Reconciler Operations
How the reconciler Lambda recovers leaked tokens from expired lease records.
What it is
The reconciler is a Lambda function (sluice-reconciler-{env}) that scans for expired lease records in the Sluice DynamoDB table and restores tokens to their parent buckets. It is the crash recovery mechanism for Sluice.
Why it exists
When a caller acquires a slot, Sluice writes a lease record with a TTL. If the caller fails to call release() (Lambda timeout, crash, unhandled exception), the lease record remains and the tokens are lost.

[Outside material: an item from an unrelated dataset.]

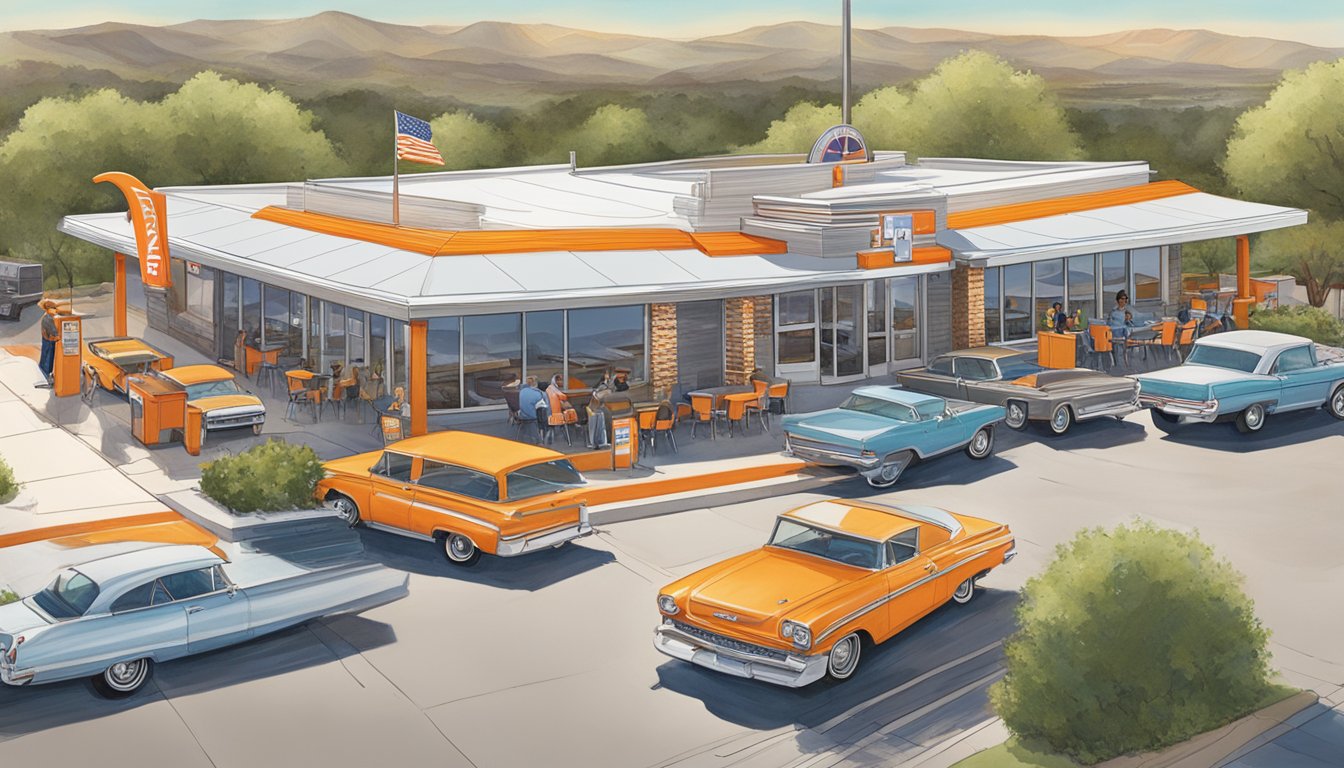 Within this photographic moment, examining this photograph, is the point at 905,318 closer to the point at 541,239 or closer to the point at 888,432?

For concurrent limit types, this is a hard leak -- the slot is permanently consumed until something restores it. Time-based limits (requests, tokens) self-heal via the lazy refill mechanism, but the lease record still needs cleanup.
How it works
The reconciler runs this sequence on every invocation:
1. Scan for expired leases
FilterExpression: begins_with(vendor_dimension, "lease#") AND ttl < :now
Lease keys follow the format lease#{vendor}#{dimension}#{uuid}. The scan finds all lease records whose TTL has passed.
2. Process each expired lease
For each expired lease, the reconciler parses the vendor dimension from the lease key and reads the parent bucket.
If limit_type is concurrent:
A transactional write restores the tokens with a capacity guard:
TransactWriteItems:
- Update bucket: SET tokens = tokens + :cost WHERE tokens <= :max_tokens
- Delete lease record
The condition tokens <= capacity - cost is the capacity guard. It prevents double-restore: if both release() and the reconciler run for the same lease, the second one to execute finds tokens already at capacity and the condition fails.
When the capacity guard rejects the update (TransactionCanceledException), the reconciler simply deletes the lease record. This is expected behavior, not an error.
If limit_type is requests or tokens:
Time-based buckets refill naturally via the lazy refill algorithm. The reconciler just deletes the lease record -- no token restoration needed.
If the parent bucket no longer exists:
The reconciler deletes the orphaned lease record silently.
Schedule
Triggered by EventBridge every 5 minutes via rate(5 minutes).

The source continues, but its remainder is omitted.